▶ [EXERCISE DETAILS]:
Apart from the pictures, every entry should be reproduced exactly.

MATERIAL PROVIDED START

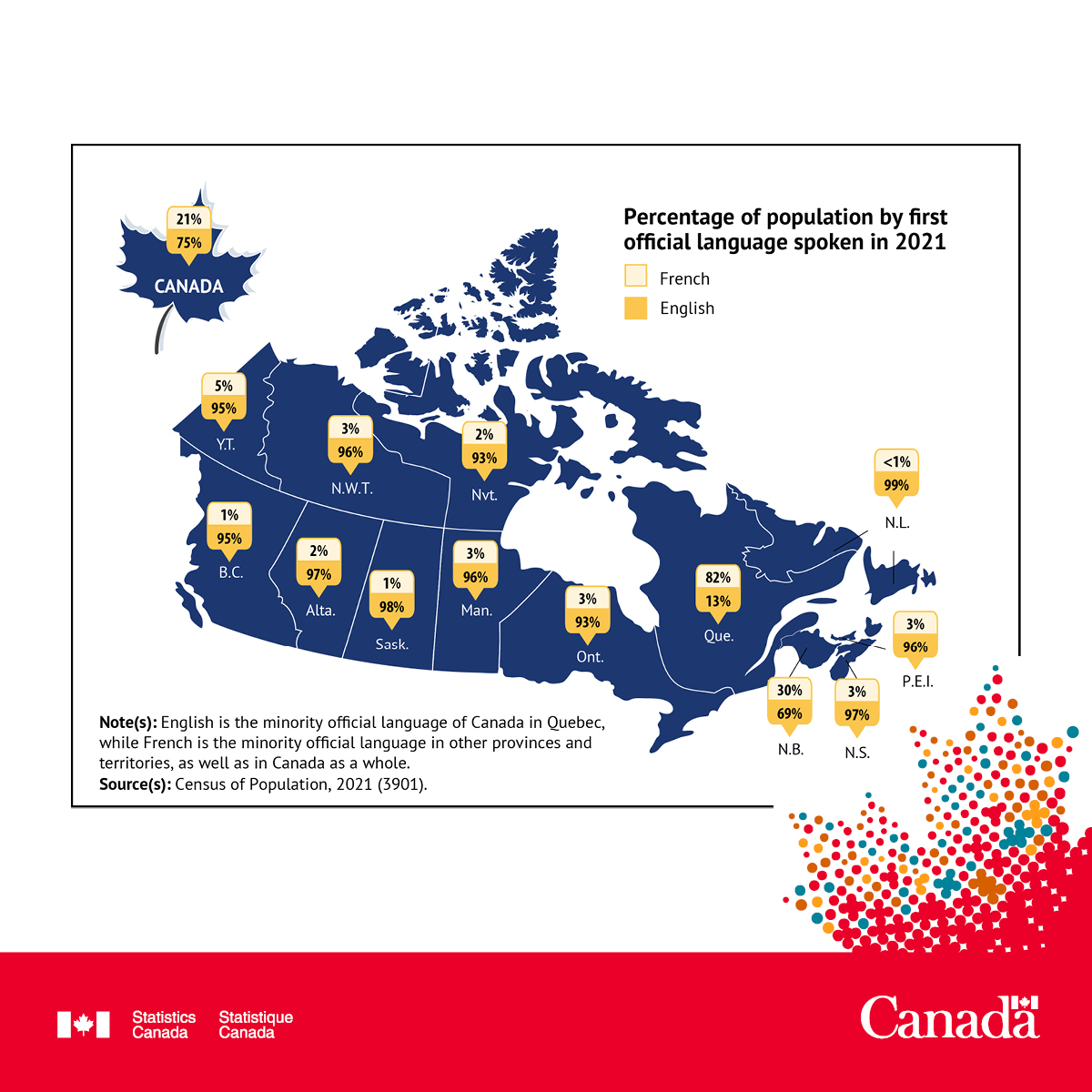 bellasantoro1's tweet photo. New #2021Census data show that English is the first official language spoken by 75.5% of Canadians, and French by 21.4%.🍁@StatCan_eng 

Learn more at: https://t.co/PVK8slspxM https://t.co/YpbCun7pXC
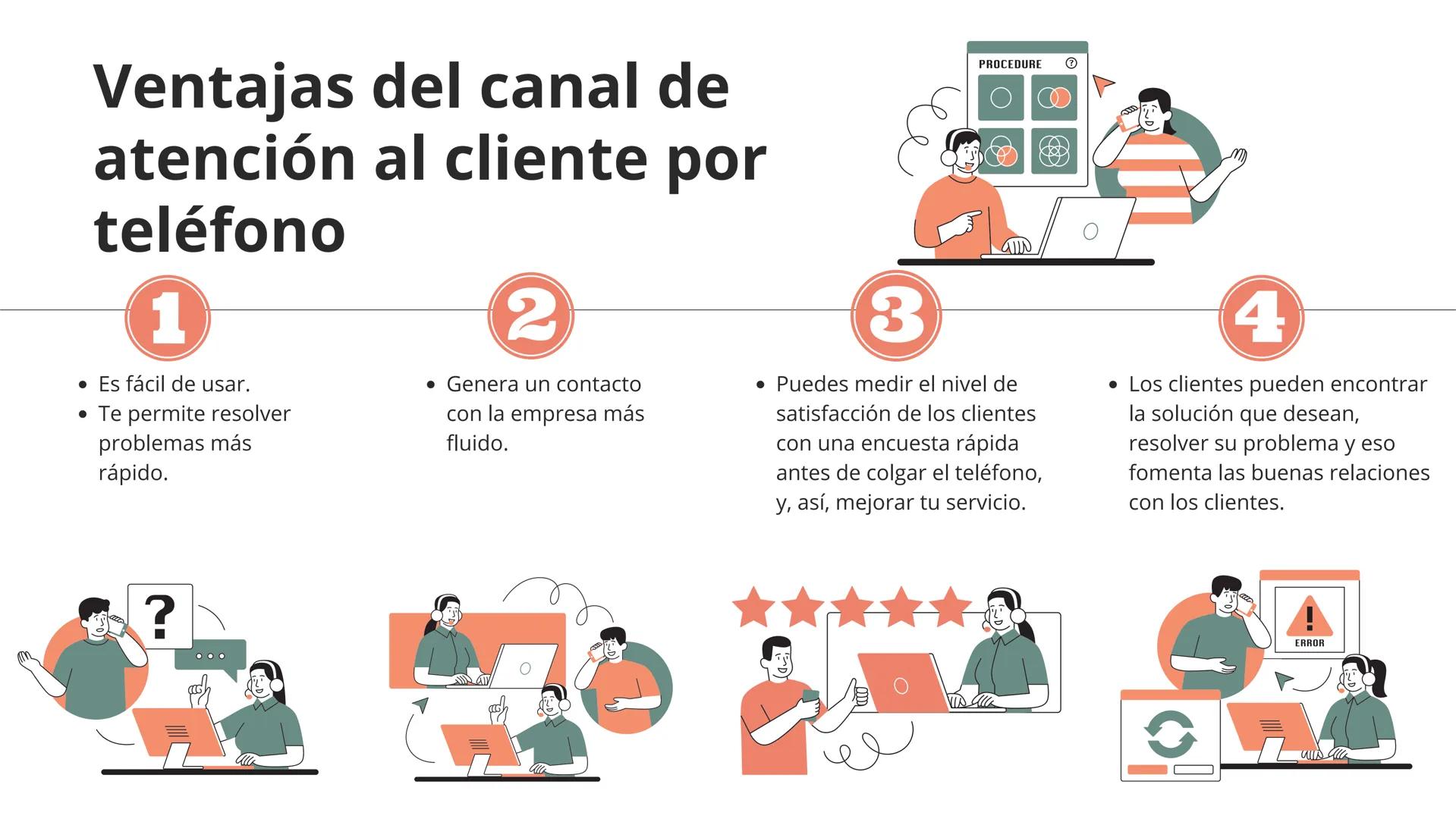 Celulares Call Center
Evolución
Conectividad
о
00000
00000 13.5 millones de internautas (personas
que se conectan a Internet por lo menos un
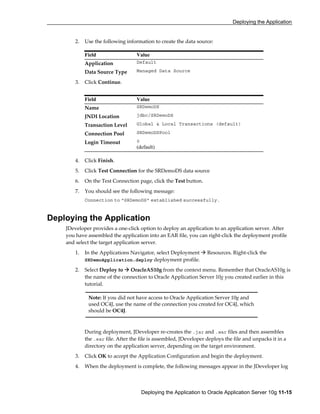 Deploying the Application
Deploying the Application to Oracle Application Server 10g 11-15
2. Use the following information to create the data source:
3. Click Continue.
4. Click Finish.
5. Click Test Connection for the SRDemoDS data source
6. On the Test Connection page, click the Test button.
7. You should see the following message:
Connection to "SRDemoDS" established successfully.
Deploying the Application
JDeveloper provides a one-click option to deploy an application to an application server. After
you have assembled the application into an EAR file, you can right-click the deployment profile
and select the target application server.
1. In the Applications Navigator, select Deployment Resources. Right-click the
SRDemoApplication.deploy deployment profile.
2. Select Deploy to OracleAS10g from the context menu. Remember that OracleAS10g is
the name of the connection to Oracle Application Server 10g you created earlier in this
tutorial.
During deployment, JDeveloper re-creates the .jar and .war files and then assembles
the .ear file. After the file is assembled, JDeveloper deploys the file and unpacks it in a
directory on the application server, depending on the target environment.
3. Click OK to accept the Application Configuration and begin the deployment.
4. When the deployment is complete, the following messages appear in the JDeveloper log
Field Value
Application Default
Data Source Type Managed Data Source
Field Value
Name SRDemoDS
JNDI Location jdbc/SRDemoDS
Transaction Level Global & Local Transactions (default)
Connection Pool SRDemoDSPool
Login Timeout 0
(default)
Note: If you did not have access to Oracle Application Server 10g and
used OC4J, use the name of the connection you created for OC4J, which
should be OC4J.
 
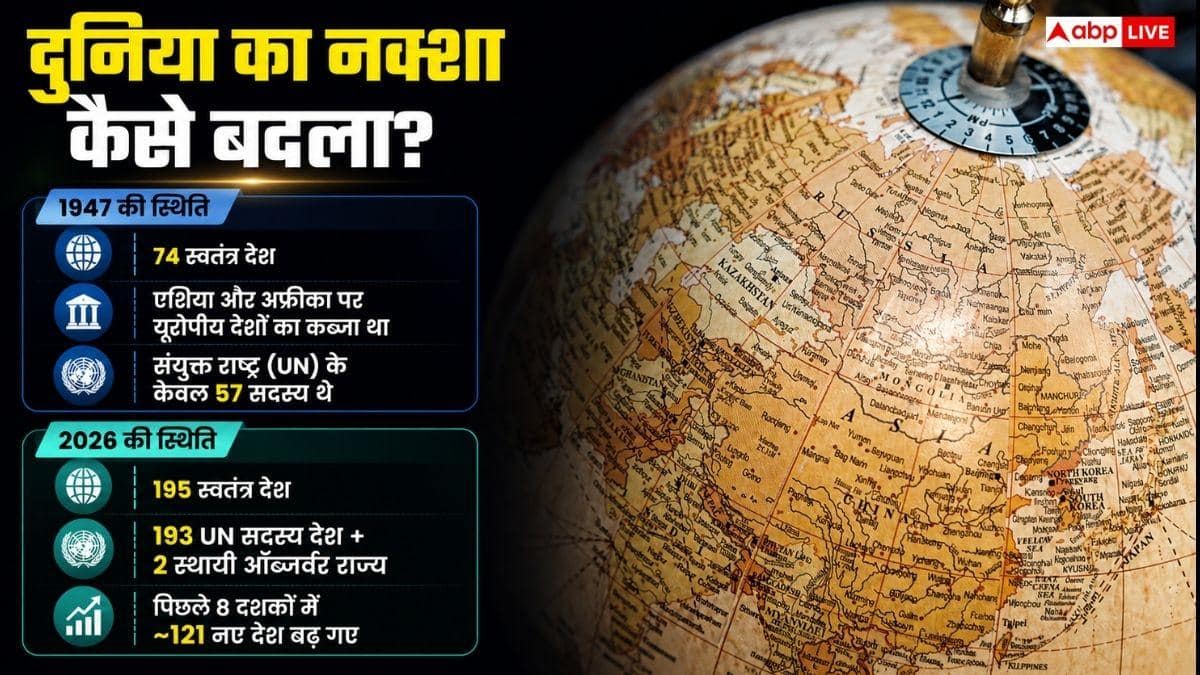 जब भारत आजाद हुआ तब दुनिया में कितने देश थे, तब से कितने बढ़ गए?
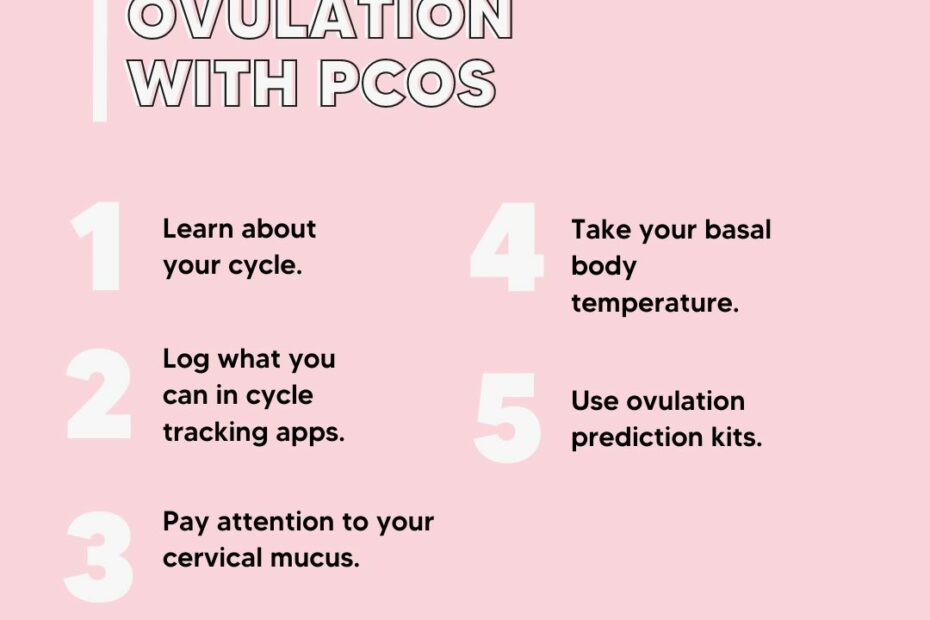how to predict ovulation with pcos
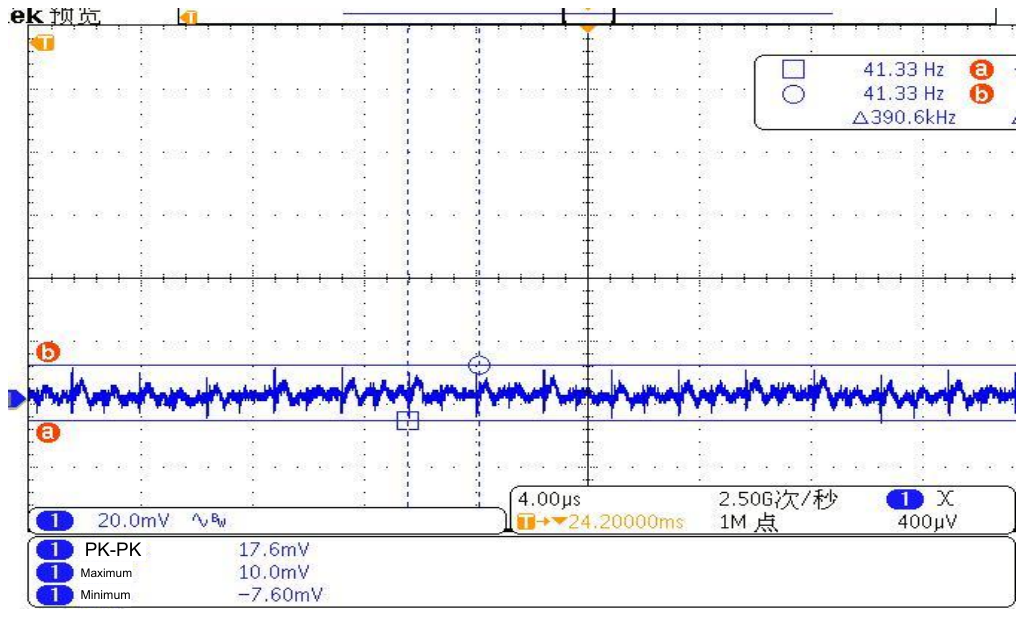 Technical figure: Tek Preview, 2.50 GS/s, 1Mpts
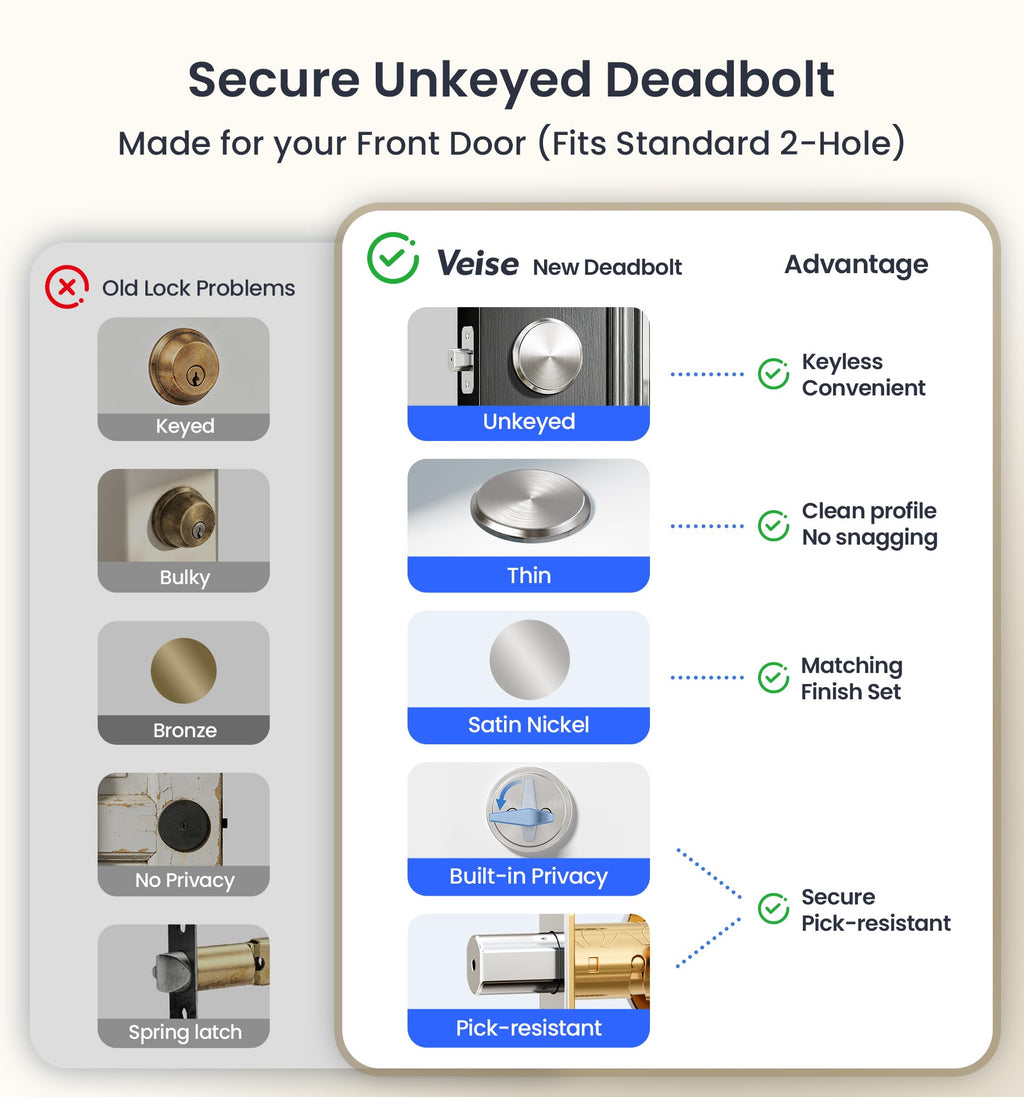 Veise VE029-E WiFi Smart Lever Lock with Non-Keyed Deadbolt, Satin Nickel
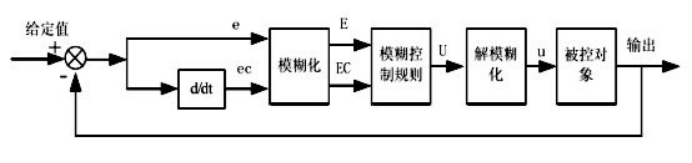 基于模糊控制的自平衡小车的研究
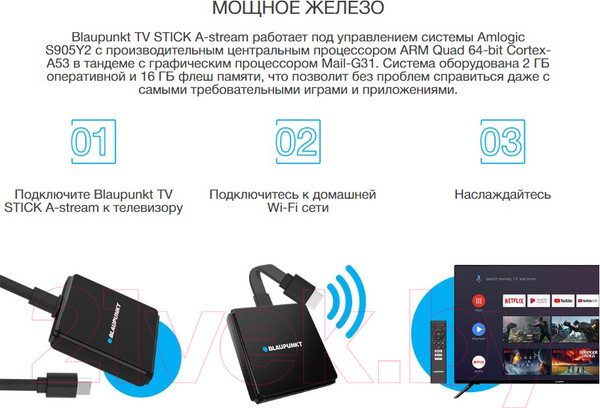 Изображение товара Смарт-приставка Blaupunkt A-Stream Stick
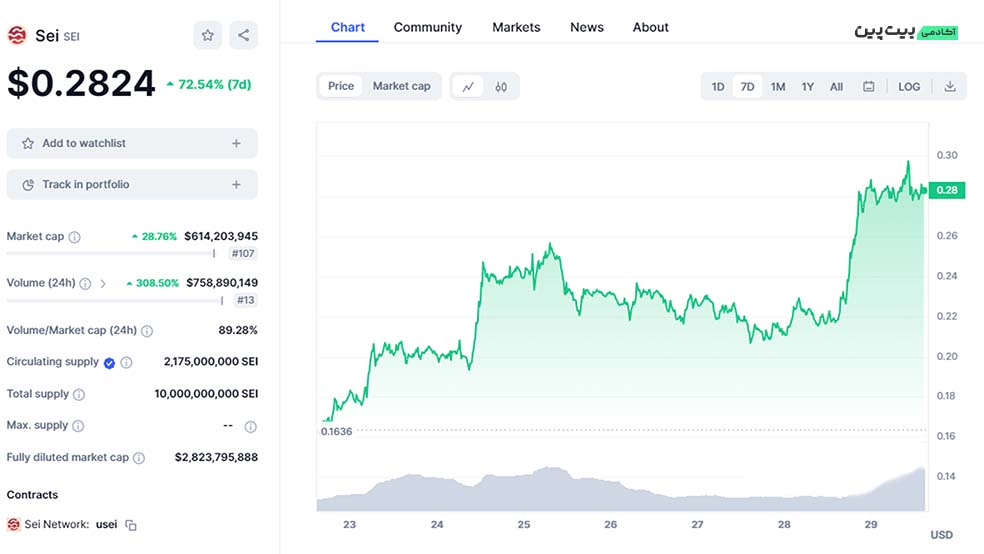 تحلیل تکنیکال ارز دیجیتال سی (SEI) - ۸ آذر (۲۹ نوامبر)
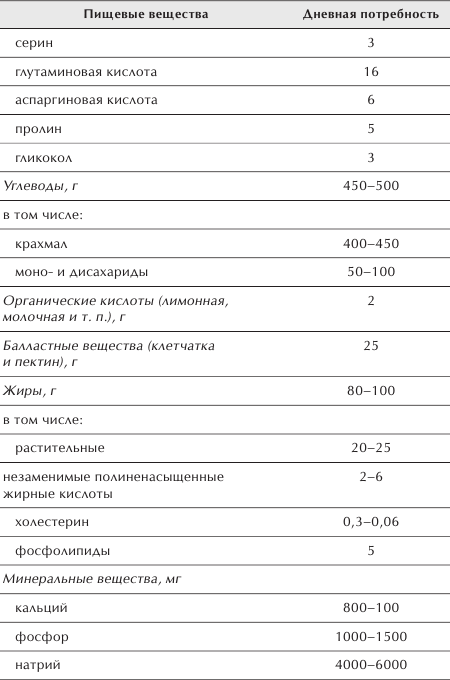 Разумное питание для здоровья и красоты. Домашняя энциклопедия _39.jpg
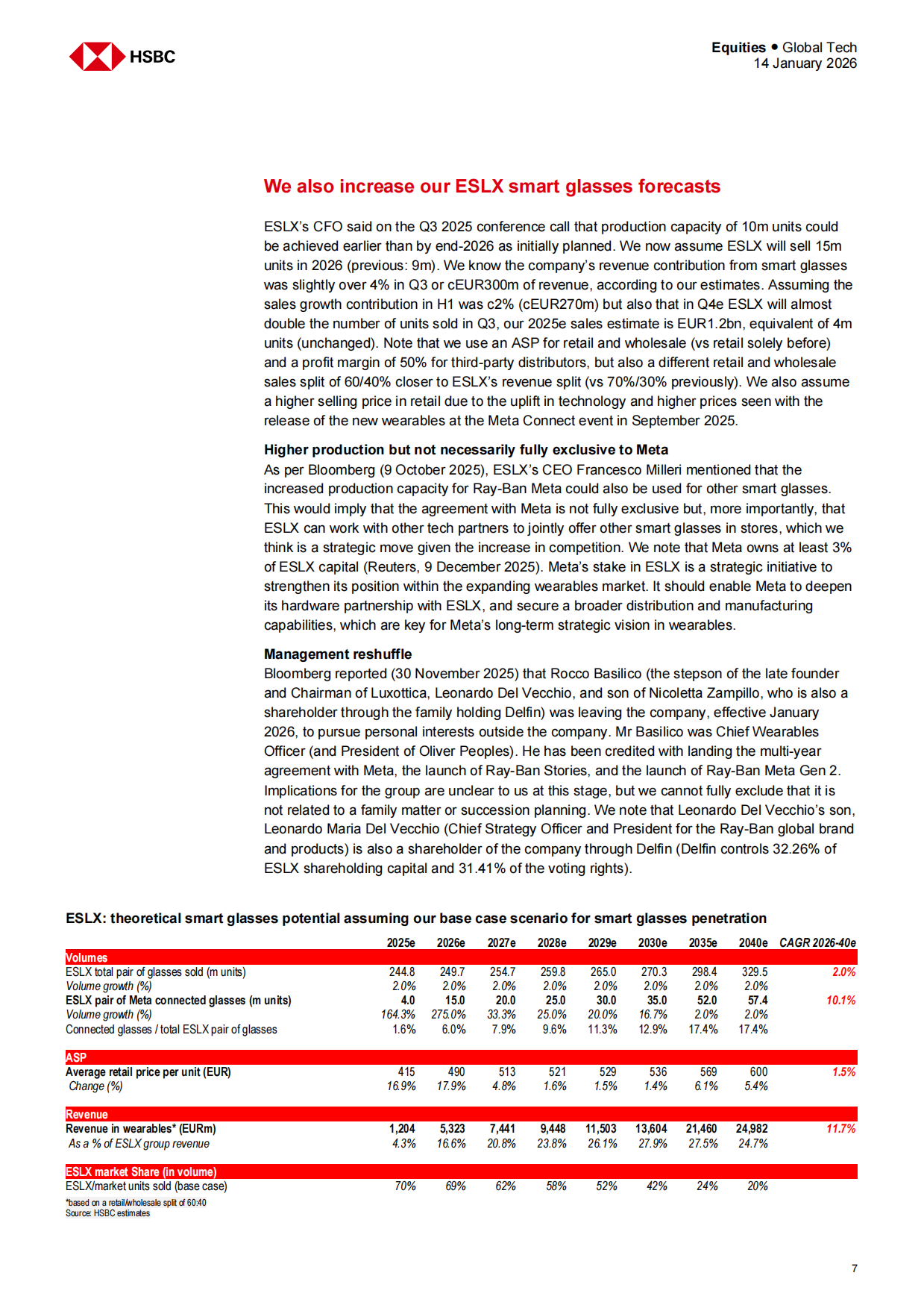 2026年全球科技与奢侈品行业研究报告——从触屏点击到视线交互：AI赋能眼镜 挑战手机主导地位（英文版）-汇丰银行.pdf_第7页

MATERIAL PROVIDED END

▶ [SOLUTION TO THE EXERCISE]:
 bellasantoro1's tweet photo. New #2021Census data show that English is the first official language spoken by 75.5% of Canadians, and French by 21.4%.🍁@StatCan_eng 

Learn more at: https://t.co/PVK8slspxM https://t.co/YpbCun7pXC
 Celulares Call Center
Evolución
Conectividad
о
00000
00000 13.5 millones de internautas (personas
que se conectan a Internet por lo menos un
 Deploying the Application
Deploying the Application to Oracle Application Server 10g 11-15
2. Use the following information to create the data source:
3. Click Continue.
4. Click Finish.
5. Click Test Connection for the SRDemoDS data source
6. On the Test Connection page, click the Test button.
7. You should see the following message:
Connection to "SRDemoDS" established successfully.
Deploying the Application
JDeveloper provides a one-click option to deploy an application to an application server. After
you have assembled the application into an EAR file, you can right-click the deployment profile
and select the target application server.
1. In the Applications Navigator, select Deployment Resources. Right-click the
SRDemoApplication.deploy deployment profile.
2. Select Deploy to OracleAS10g from the context menu. Remember that OracleAS10g is
the name of the connection to Oracle Application Server 10g you created earlier in this
tutorial.
During deployment, JDeveloper re-creates the .jar and .war files and then assembles
the .ear file. After the file is assembled, JDeveloper deploys the file and unpacks it in a
directory on the application server, depending on the target environment.
3. Click OK to accept the Application Configuration and begin the deployment.
4. When the deployment is complete, the following messages appear in the JDeveloper log
Field Value
Application Default
Data Source Type Managed Data Source
Field Value
Name SRDemoDS
JNDI Location jdbc/SRDemoDS
Transaction Level Global & Local Transactions (default)
Connection Pool SRDemoDSPool
Login Timeout 0
(default)
Note: If you did not have access to Oracle Application Server 10g and
used OC4J, use the name of the connection you created for OC4J, which
should be OC4J.
 
 जब भारत आजाद हुआ तब दुनिया में कितने देश थे, तब से कितने बढ़ गए?
how to predict ovulation with pcos
 Technical figure: Tek Preview, 2.50 GS/s, 1Mpts
 Veise VE029-E WiFi Smart Lever Lock with Non-Keyed Deadbolt, Satin Nickel
 基于模糊控制的自平衡小车的研究
 Изображение товара Смарт-приставка Blaupunkt A-Stream Stick
 تحلیل تکنیکال ارز دیجیتال سی (SEI) - ۸ آذر (۲۹ نوامبر)
 Разумное питание для здоровья и красоты. Домашняя энциклопедия _39.jpg
 2026年全球科技与奢侈品行业研究报告——从触屏点击到视线交互：AI赋能眼镜 挑战手机主导地位（英文版）-汇丰银行.pdf_第7页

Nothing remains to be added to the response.